Posted by Speakeasy News > Monday 12 March 2018 > Webpicks

On the occasion of Frederick Douglass's Bicentennial, there are lots of online resources to help you introduce this major figure of the abolition movement to your pupils.

This section on Frederick Douglass from the Library of Congress children’s site is suitable from A2. It’s not a very detailed biography but has an excellent quote from Douglass which is understandable: "What was possible for me is possible for you. Do not think because you are colored you cannot accomplish anything. Strive earnestly to add to your knowledge. So long as you remain in ignorance, so long will you fail to command the respect of your fellow men."

The part about his writing and speaking on abolition can be used at the same level. There are segments on his escape from slavery and work during the Civil War in two further sections but they assume a certain pre-knowledge of his story, or at least how slaves escaped to the North and the dangers they faced.

This National Endowment for the Humanities mini-site has several interesting documentaries on slavery and the movement for civil rights.

The one on the Abolitionists starts with a short segment on Frederick Douglass. The voiceover is clear and fairly slow, but some of the vocabulary is difficult. It could be tackled from B1.

Frederick Douglass’s house in Washington, D.C. in is a National Park Service property preserved for historical reasons. Extracts of the NPS biography of Douglass can be used from A2+.
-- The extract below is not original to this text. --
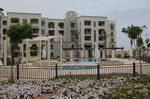 One-Bedroom Apartment at Marassi North Coast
This video shows reconstructions of Douglass’s speeches, and African-Americans young and old saying what he means to them. From A2+.

The 2019  Pulitzer Prize for history was awarded to historian David W. Blight for Frederick Douglass: Prophet of Freedom. Professor Blight is Director of the Gilder Lehrman Center for the Study of Slavery, Resistance, and Abolition at Yale University. In these two videos, he discusses Douglass.

The first one is very short, just 35 seconds. Professor Blight briefly describes the important of Douglass's work, without mentioning his slave past. It's clear and fairly slow. Usable from A2.

The second one is more complex, and longer.  It covers five aspects of his life, from slavery until his involvement in the Civil War. Usable from B1. The third point is the most difficult in terms of language.